There’s a lot of green in your cooking. Why is that?
This is a good question. The main reason is that it’s such a pleasure to rediscover this colour every springtime, after missing it through the winter months. For me, the colour green is the spirit of a dish – it can be the only colour on the plate. It represents leaves, and life itself. It’s very much linked to a flavour: herbaceous but cheerful, regenerating.
Could you describe the composition of your dishes in terms of their colours, but also in terms of their textures?
There are several possible approaches, but for me the main thing that gives the dish its raison d’être is the aromatic framework. That creates the story between the ingredients.

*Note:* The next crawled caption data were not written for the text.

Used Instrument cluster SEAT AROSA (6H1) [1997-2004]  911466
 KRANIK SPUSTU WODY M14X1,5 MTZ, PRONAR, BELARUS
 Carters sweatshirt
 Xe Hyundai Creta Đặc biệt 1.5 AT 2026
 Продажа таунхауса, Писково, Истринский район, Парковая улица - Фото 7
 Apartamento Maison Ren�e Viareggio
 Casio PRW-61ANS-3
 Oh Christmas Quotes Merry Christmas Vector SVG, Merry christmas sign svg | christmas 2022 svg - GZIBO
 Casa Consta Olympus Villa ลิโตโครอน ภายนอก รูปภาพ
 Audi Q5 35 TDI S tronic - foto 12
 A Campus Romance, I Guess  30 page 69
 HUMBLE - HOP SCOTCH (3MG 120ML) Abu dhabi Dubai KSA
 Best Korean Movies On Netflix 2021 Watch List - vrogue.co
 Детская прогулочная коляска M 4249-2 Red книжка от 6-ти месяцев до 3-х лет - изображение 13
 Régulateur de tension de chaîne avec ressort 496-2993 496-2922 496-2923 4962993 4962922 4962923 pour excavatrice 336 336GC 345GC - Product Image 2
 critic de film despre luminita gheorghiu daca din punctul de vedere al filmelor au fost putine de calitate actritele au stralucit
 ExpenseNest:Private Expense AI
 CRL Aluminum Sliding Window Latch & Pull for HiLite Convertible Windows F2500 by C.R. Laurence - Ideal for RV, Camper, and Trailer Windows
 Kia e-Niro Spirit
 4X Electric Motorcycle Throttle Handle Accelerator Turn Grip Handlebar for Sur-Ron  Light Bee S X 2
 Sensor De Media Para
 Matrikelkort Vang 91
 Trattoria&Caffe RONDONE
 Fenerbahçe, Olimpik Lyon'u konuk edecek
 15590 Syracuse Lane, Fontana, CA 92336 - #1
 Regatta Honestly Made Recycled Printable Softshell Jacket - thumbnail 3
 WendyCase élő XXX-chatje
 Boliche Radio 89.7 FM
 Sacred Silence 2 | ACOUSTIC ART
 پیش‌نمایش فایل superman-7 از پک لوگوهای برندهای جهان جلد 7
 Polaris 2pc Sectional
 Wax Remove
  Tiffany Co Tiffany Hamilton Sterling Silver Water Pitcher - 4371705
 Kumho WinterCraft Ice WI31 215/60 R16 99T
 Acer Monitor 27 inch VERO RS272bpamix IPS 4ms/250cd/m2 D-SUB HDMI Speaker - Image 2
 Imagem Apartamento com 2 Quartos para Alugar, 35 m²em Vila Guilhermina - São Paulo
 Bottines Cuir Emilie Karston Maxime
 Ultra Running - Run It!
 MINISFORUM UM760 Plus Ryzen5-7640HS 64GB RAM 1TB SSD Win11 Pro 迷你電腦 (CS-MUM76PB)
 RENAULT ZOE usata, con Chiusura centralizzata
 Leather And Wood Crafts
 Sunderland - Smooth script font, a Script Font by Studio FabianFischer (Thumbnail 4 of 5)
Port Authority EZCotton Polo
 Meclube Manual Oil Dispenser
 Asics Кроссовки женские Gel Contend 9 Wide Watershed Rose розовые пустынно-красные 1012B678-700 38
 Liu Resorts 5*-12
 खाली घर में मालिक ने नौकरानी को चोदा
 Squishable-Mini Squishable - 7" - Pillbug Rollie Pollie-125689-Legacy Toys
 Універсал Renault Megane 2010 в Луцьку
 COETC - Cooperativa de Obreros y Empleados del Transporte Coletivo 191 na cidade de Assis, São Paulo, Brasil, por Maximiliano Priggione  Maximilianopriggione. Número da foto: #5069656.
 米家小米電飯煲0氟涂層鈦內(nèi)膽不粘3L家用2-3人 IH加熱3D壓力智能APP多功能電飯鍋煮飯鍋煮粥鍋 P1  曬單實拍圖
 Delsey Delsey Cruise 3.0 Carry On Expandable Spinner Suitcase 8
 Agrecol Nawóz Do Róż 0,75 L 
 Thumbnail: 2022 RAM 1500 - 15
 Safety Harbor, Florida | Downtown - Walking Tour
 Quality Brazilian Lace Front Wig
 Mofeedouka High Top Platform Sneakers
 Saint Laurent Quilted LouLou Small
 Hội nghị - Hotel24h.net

Then there is the texture, namely how the elements – the ingredients – interact with each other. The cooking also adds something, and finally the presentation gives the dish its character. All of these elements together make the taste and – I hope, we always hope – convey an emotion.
Could you illustrate this reflective process for a dish that is currently on one of your menus?
Perhaps I can talk about one of our signature dishes, the Berlingots, which is exemplary of my cuisine today. I call it ‘Verdeur fondante’ (‘melting greenness’) – my dishes often have a name that sounds like a haiku dedicated to them. It was conceived as a challenge: I wanted to create a cheese-based dumpling in a shape that was a little different from those that I knew or that existed at that time. I was fascinated by the Berlingots, which are sweets from the city of Carpentras in France. And so that dish was born, almost intuitively.